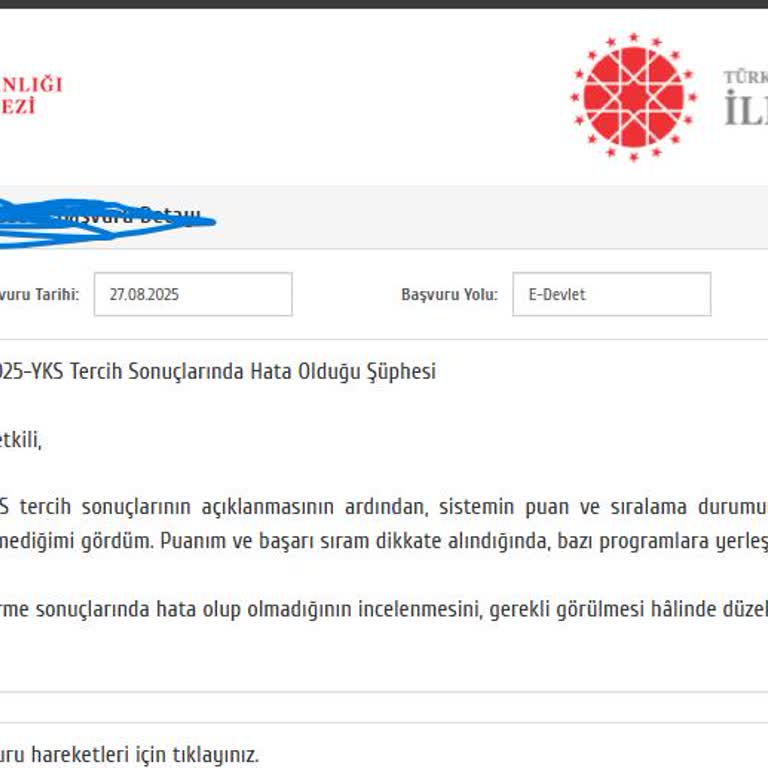 YKS Tercih Sonuçlarında Hata Şüphesi Ve Yerleştirme Belirsizliği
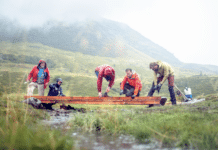 Grenzüberschreitendes Engagement: Alpenverein erhält Hilfe bei Wegearbeiten – auch im Oberen Gailtal/ Lesachtal!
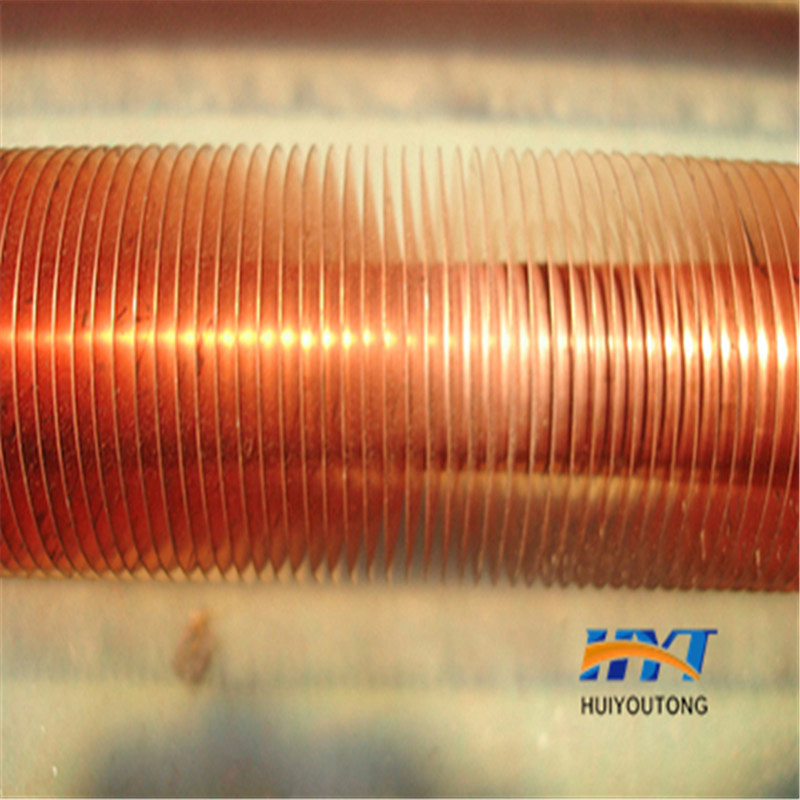 Stock C12000 C27000 Seamless Alloy Copper Finned Pipes Tubes Air Conditioner Heat Exchanger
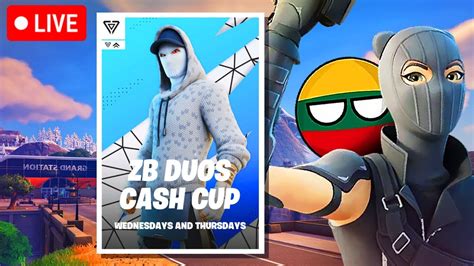 ZB Duos Cash Cup Fortnite Lietuviškai LIVE YouTube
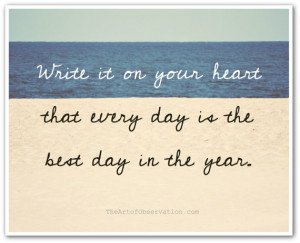 Inspirational Quote, best day, beach photo, Ralph Waldo Emerson ...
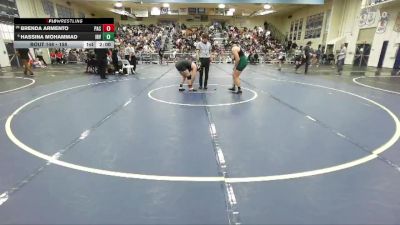 155 lbs Champ. Round 1 - Hassina Mohammad, Irvine vs Brenda Armento, Pacifica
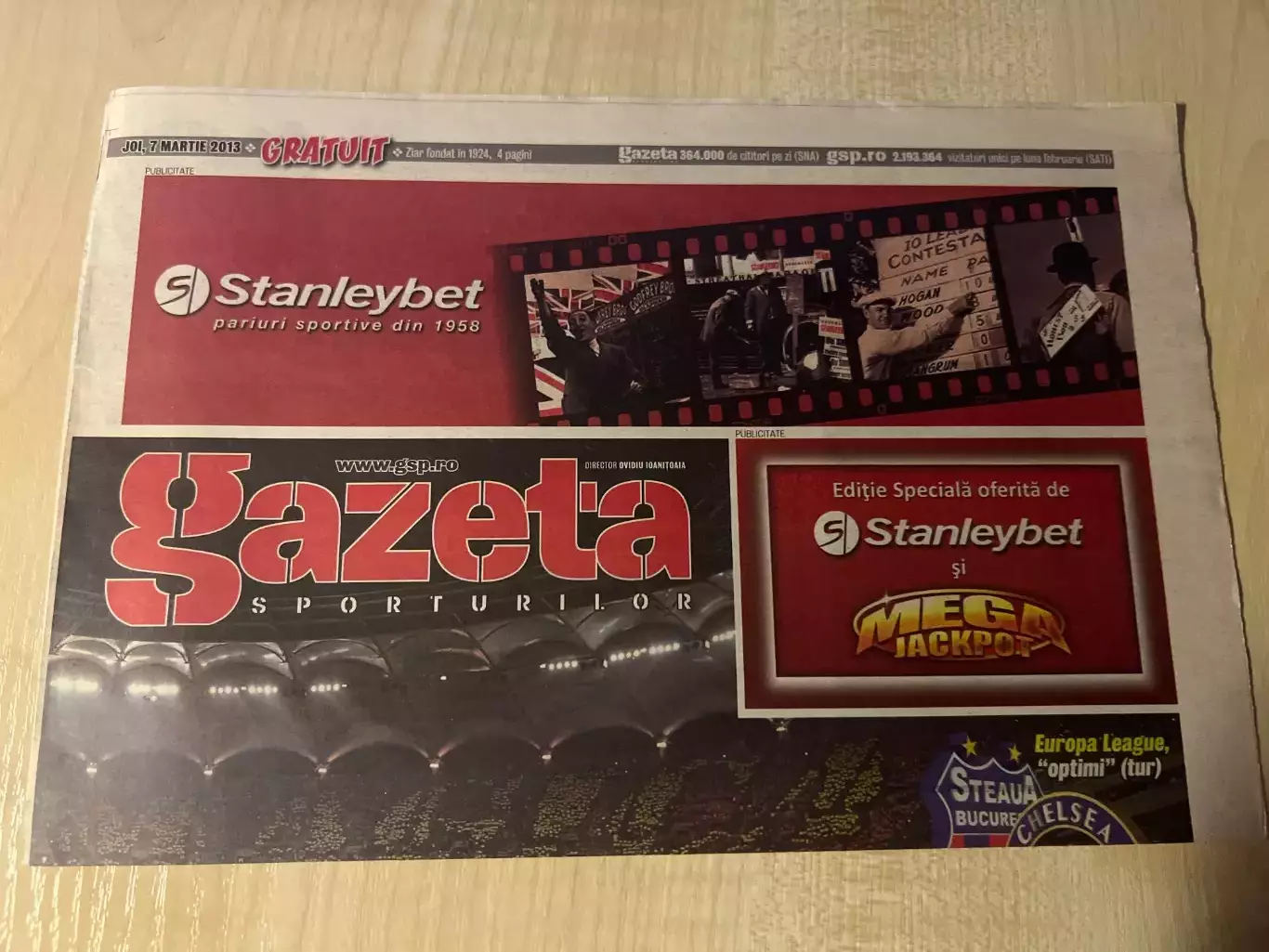 Стяуа Румыния - Челси Англия 2013-2014 #2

EXERCISE REQUIREMENTS:
What you return must match, line for line, the span from the line containing "Inspirational Quote, best" through the last line of the listing above, with every picture omitted.

WRITTEN REPLY:
 Inspirational Quote, best day, beach photo, Ralph Waldo Emerson ...
 155 lbs Champ. Round 1 - Hassina Mohammad, Irvine vs Brenda Armento, Pacifica
 Стяуа Румыния - Челси Англия 2013-2014 #2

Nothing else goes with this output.